Comment by simoncion

Comment by simoncion 3 days ago

0 replies

> They are more likely to attend meetings ... give status updates, etc.

Weird. If I missed meetings and failed to give status updates (especially ones where my update was explicitly requested) my manager would go find out what the fuck was wrong with me.

> If you are blocked or are blocking someone, it's a tap on the shoulder instead of sending a message into the ether.

After more than four years of most software folks doing remote work, if your team hasn't established a solid protocol for doing IMs, voice/video chats, and email communications then your management has been fucking off and management deserves all the remote-communications failures they're getting. So, for the rest of this discussion let's assume that management hasn't been fucking off and you actually have a solid communications protocol.

If a coworker is regularly blowing off messages, then that's something that their manager NEEDS to know about. (And it's likely that if they're blowing off messages, they'd also be fucking off if their ass was in a company-provided seat.) However, if a coworker is failing to reply because they're working on something else that's more important then this is another thing that their manager needs to know about and consider reprioritizing your, their, or both people's tasks.

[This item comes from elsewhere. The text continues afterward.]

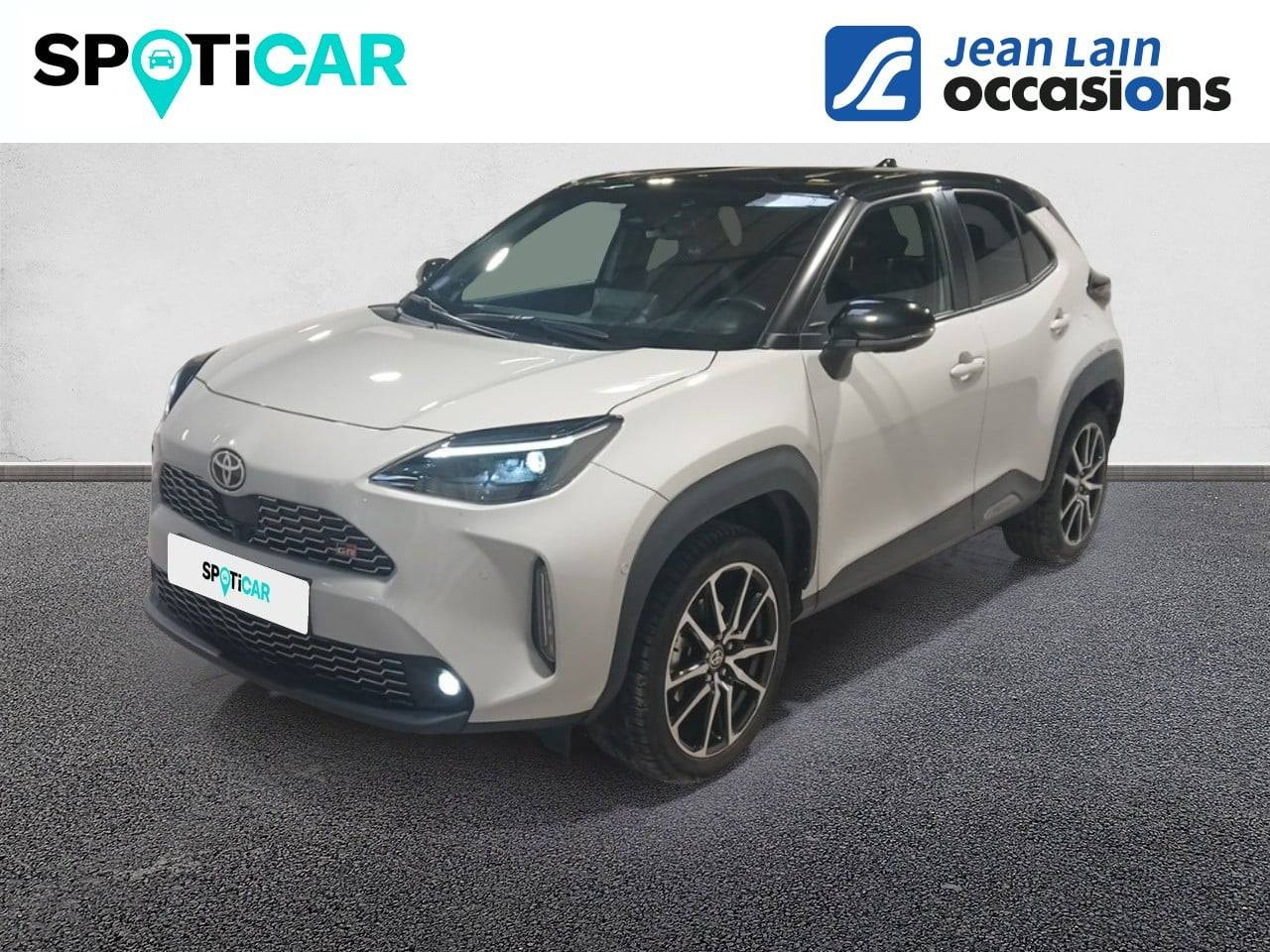 Vente en ligne TOYOTA YARIS CROSS HYBRIDE Yaris Cross Hybride 116h 2WD GR SPORT de 2023 au prix de 23 974 €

Frankly, I find the "get someone's attention with an IM (whether direct or in a team chat channel) or email" mechanism to be far, far, far better than having someone shatter my chain of thought by coming over to physically interrupt me. I know when I can't handle interruptions, so I can configure my software to not interrupt me. Others can't possibly know when I can't handle interruptions, so they can't help BUT to interrupt me during those periods.